> _TASK PROMPT_: Find the word "Furry" below. Copy each line that has it.

╭─ EXERCISE DATA

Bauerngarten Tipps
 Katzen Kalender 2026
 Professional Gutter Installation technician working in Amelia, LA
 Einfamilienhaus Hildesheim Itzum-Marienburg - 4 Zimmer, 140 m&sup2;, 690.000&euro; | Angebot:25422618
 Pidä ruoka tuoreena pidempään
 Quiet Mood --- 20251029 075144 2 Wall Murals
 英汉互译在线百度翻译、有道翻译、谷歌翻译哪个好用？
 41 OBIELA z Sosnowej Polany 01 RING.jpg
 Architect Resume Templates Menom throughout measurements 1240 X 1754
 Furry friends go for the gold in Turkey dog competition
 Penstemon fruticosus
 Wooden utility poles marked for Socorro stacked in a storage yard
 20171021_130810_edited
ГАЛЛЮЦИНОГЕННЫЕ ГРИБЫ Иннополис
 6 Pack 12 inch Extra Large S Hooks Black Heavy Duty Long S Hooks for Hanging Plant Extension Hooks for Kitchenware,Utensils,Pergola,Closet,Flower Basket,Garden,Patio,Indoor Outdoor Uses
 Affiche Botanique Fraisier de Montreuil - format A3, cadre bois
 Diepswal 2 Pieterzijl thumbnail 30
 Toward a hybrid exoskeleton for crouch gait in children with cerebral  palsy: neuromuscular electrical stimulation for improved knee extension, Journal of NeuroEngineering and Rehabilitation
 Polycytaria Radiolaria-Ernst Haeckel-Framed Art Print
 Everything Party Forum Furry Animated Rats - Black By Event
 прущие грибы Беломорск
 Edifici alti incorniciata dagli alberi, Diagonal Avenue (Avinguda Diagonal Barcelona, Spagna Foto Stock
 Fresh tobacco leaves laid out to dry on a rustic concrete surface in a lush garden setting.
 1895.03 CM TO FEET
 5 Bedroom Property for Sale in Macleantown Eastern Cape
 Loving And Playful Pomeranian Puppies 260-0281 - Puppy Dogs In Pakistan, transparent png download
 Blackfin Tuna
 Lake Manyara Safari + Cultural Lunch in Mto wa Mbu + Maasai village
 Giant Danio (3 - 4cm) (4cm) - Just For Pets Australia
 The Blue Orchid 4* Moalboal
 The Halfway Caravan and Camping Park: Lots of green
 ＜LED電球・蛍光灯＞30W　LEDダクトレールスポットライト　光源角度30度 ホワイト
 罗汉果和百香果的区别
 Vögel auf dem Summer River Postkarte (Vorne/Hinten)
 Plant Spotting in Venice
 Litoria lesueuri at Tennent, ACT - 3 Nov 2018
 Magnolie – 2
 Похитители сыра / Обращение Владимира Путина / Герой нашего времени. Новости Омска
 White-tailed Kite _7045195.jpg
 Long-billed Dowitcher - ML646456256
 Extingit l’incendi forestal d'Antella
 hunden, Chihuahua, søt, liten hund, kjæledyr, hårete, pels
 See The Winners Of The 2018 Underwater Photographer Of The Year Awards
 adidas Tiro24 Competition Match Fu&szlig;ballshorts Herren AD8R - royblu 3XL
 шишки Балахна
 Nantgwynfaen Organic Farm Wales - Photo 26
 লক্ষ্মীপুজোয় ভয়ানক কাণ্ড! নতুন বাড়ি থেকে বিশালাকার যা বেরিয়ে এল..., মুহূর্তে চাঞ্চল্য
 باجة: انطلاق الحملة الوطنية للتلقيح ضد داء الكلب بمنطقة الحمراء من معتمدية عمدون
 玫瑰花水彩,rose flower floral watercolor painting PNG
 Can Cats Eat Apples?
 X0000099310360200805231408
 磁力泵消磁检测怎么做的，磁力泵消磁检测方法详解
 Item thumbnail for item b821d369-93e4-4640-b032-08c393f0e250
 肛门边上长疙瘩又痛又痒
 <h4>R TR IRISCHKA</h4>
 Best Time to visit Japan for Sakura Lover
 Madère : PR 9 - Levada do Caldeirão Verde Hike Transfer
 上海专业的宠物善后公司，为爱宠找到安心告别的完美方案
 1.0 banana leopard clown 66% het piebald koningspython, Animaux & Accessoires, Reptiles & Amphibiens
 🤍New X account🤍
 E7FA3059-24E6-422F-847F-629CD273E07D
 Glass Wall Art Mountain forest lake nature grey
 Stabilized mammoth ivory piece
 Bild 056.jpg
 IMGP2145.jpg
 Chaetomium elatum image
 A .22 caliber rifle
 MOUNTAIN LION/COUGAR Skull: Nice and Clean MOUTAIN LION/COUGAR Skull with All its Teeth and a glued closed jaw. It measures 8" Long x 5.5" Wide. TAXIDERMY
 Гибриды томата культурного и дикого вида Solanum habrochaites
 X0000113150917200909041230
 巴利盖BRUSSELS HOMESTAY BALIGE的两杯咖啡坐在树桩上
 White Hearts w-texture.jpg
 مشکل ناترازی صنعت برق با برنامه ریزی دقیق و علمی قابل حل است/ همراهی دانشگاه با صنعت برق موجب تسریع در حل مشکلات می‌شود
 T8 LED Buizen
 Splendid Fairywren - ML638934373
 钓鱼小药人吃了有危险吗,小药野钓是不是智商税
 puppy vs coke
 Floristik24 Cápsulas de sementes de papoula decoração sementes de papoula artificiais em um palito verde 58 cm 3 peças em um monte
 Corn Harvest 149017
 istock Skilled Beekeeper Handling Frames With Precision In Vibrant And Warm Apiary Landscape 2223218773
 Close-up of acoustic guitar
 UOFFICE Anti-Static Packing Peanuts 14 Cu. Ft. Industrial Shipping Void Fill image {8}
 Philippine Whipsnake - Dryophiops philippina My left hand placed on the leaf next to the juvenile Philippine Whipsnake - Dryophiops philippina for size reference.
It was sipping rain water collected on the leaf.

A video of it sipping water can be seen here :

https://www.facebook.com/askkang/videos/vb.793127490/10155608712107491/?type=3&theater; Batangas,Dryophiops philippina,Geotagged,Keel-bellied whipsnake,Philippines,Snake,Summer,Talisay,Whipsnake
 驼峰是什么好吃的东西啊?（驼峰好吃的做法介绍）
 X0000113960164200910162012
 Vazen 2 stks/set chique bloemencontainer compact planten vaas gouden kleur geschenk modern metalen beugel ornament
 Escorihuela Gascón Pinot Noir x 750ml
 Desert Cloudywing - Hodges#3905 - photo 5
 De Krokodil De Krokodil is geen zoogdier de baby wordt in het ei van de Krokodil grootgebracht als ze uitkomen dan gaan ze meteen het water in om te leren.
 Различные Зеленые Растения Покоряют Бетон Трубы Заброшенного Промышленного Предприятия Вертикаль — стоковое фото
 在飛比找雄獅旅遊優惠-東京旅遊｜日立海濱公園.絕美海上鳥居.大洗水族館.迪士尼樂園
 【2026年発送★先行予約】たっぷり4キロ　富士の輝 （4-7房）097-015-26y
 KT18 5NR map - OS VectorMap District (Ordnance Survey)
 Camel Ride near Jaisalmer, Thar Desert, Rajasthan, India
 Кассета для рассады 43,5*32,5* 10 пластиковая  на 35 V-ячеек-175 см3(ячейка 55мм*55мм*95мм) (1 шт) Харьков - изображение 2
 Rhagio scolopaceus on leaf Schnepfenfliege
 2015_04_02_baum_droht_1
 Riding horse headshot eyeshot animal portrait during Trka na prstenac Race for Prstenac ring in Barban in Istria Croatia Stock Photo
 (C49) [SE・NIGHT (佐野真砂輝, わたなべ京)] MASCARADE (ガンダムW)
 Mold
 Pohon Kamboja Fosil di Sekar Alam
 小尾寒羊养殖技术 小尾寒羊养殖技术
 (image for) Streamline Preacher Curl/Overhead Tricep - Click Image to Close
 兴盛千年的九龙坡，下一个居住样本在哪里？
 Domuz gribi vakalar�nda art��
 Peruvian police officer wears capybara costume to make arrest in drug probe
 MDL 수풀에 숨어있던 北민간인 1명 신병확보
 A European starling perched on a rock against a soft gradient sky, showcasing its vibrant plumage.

╰─

> _WRITTEN ANSWER_:
 Furry friends go for the gold in Turkey dog competition
 Everything Party Forum Furry Animated Rats - Black By Event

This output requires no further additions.